> _Caption-style text data_:

------------

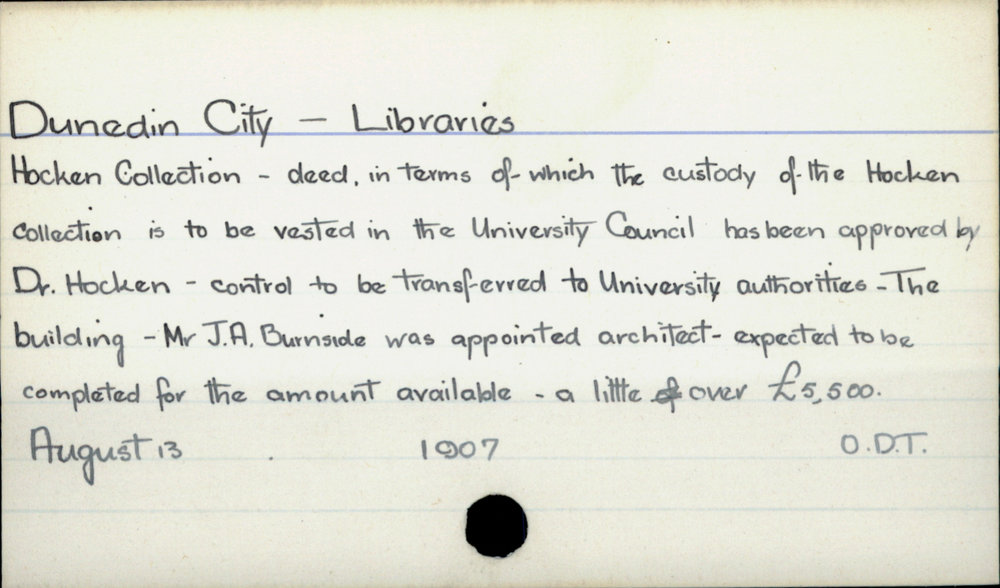 Dunedin City - Libraries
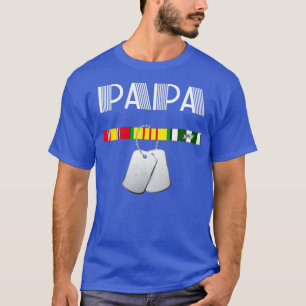 Camiseta Papa VietNam Veteran VietNam Veteran Gifts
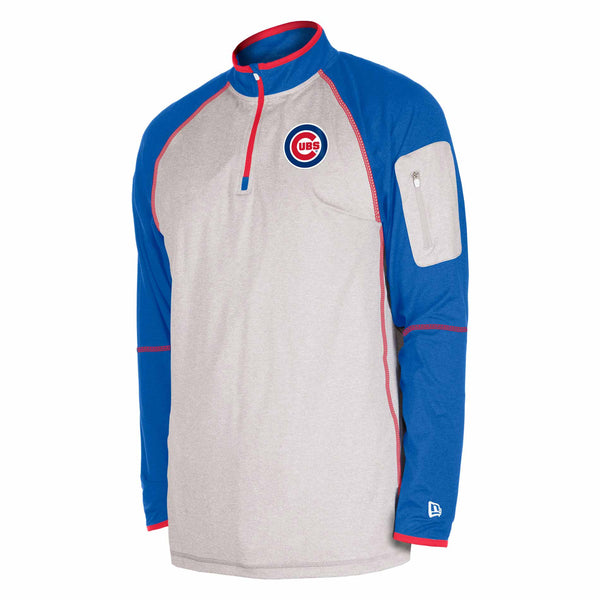 Chicago Cubs Bullseye Lightweight Quarter Zip Pullover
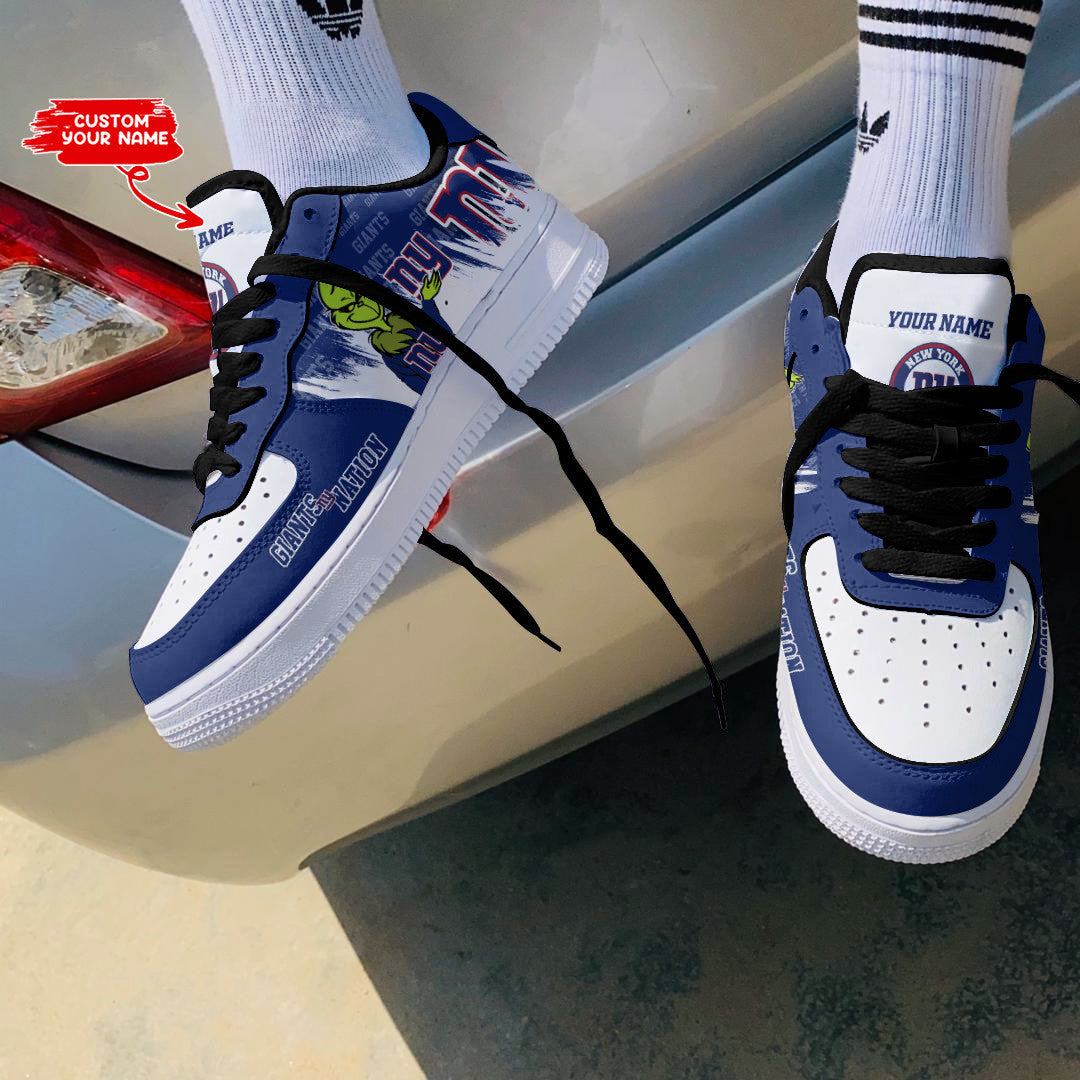 Footwearstorm New York Giants NFL Air Low-Top Sneakers Shoes For Men And Women 1205753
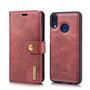DG.MING Wallet Case f�r Huawei P20 LITE Echt Leder Handy Tasche 2in1 H�lle Etui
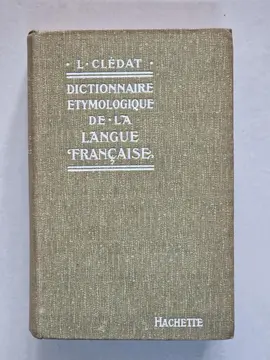 Livre ancien "Dictionnaire étymologique de la langue française"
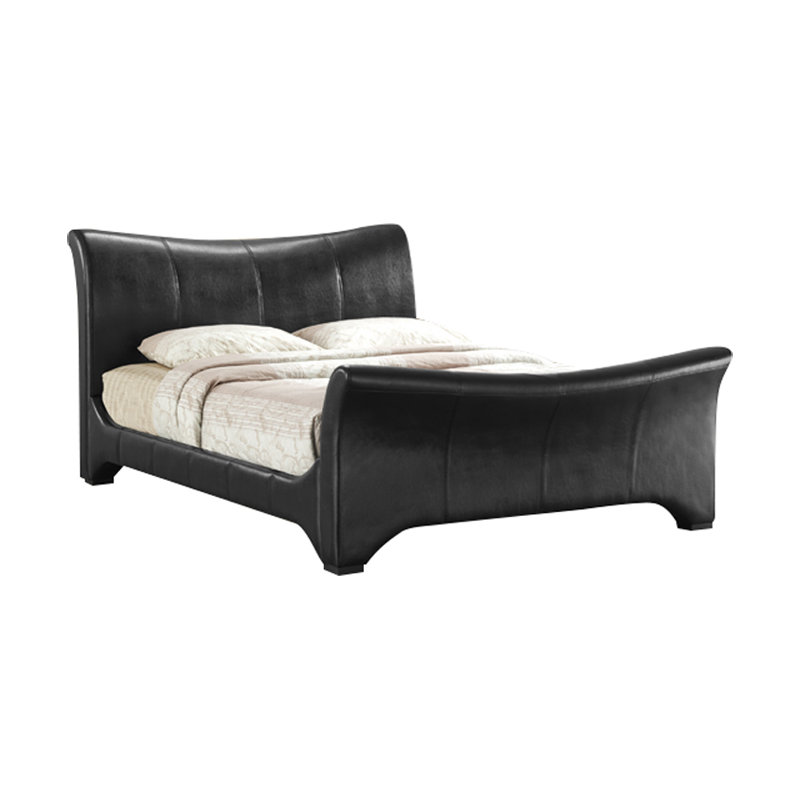 Upholstered Bed, Super King (6'), Black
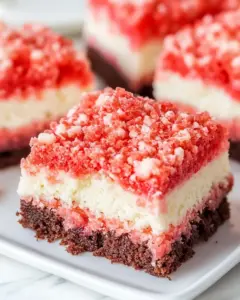 Strawberry Shortcake Brownies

------------

> _THE TASK_: Copy out, without any pictures, the lines of the records above from the one containing "Camiseta Papa VietNam" through the final line, both ends included.

> _SOLUTION TO THIS TASK_:
 Camiseta Papa VietNam Veteran VietNam Veteran Gifts
 Chicago Cubs Bullseye Lightweight Quarter Zip Pullover
 Footwearstorm New York Giants NFL Air Low-Top Sneakers Shoes For Men And Women 1205753
DG.MING Wallet Case f�r Huawei P20 LITE Echt Leder Handy Tasche 2in1 H�lle Etui
 Livre ancien "Dictionnaire étymologique de la langue française"
 Upholstered Bed, Super King (6'), Black
 Strawberry Shortcake Brownies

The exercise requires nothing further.